The House of Representatives just voted away your internet privacy for capitalist gains. Better start getting used to the idea of creepily on-point ads.

Wikimedia Commons: United States Congress

The House of Representatives voted in favor of allowing internet service providers to share your browsing history with advertisers. NBC reports that no Democrats voted for the bill and 15 Republicans opposed it, but the measure still passed by 215-205.

"We are one vote away from a world where your ISP can track your every move online and sell that information to the highest bidder," wrote Kate Tummarello, an advocate for the online privacy rights group Electronic Frontier Foundation, before the House voted.

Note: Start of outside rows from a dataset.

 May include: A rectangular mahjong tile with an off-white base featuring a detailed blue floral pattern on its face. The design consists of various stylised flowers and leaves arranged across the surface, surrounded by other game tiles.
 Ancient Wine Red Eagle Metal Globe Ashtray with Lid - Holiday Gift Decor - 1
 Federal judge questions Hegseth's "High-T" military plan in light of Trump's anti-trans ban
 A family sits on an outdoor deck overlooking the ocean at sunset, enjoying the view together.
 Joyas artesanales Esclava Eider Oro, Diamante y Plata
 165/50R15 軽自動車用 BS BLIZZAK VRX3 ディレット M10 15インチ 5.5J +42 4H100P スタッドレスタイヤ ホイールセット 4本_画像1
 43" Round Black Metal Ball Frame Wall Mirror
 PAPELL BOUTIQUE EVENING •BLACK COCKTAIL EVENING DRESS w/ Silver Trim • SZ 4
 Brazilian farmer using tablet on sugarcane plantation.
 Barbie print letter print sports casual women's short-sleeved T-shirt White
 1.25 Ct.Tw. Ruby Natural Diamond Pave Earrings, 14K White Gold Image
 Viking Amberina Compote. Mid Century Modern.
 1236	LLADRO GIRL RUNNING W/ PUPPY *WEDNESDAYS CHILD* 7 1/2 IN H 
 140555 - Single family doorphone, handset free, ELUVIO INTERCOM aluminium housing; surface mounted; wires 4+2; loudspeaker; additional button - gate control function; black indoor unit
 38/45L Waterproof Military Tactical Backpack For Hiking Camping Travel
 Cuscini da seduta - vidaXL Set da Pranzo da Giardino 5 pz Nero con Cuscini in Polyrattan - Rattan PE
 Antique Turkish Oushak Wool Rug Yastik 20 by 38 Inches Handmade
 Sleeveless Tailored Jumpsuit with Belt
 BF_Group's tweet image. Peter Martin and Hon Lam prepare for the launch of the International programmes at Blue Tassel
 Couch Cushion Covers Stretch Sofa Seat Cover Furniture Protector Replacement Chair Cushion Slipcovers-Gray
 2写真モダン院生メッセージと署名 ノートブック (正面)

Sen. Jeff Flake (R-Ariz.) has a slightly different take on things, insisting that this is "the first step toward restoring a consumer-friendly approach to the internet privacy regulation that empowers consumers to make informed choices on if, and how, their data can be shared."

What do the good intentions of lawmakers like Flake mean for us when we go online, hit search, and go? ISPs argues that what they're trying to do isn't very different from how Google and Facebook are already making money.

The current business model is to make customer profiles in order to help advertisers tailor their advertisements to fit whoever is browsing. ISPs wants to take this model, and then ramp it up since they have access to all of your internet history. 

The Federal Communications Commission (FCC) had regulations in place that prevented ISPs from selling customer data without the customer's explicit permission. If President Donald Trump signs to overturn these regulations, it means that your private data will be available to the highest bidder.

"Any member of Congress who thinks this bill is a good idea ought to release their personal browsing history to their constituents," said Rep. Keith Ellison (D-Minn.) in a statement. 

So, betting that Trump will put his Hancock on the line, what can you do to protect your privacy

  • Encrypt all your internet traffic.
  • Mask your browsing trends by paying for a virtual private network (VPN) service. This costs somewhere between $40 and $60 each year.
  • Change your DNS. VPNs can help with that, but just in case, it doesn't hurt to set up a third-party DNS provider. 

Unfortunately, this all makes puttering around on the internet much more complicated, but it may be worth it to not have strange eyes on your internet history.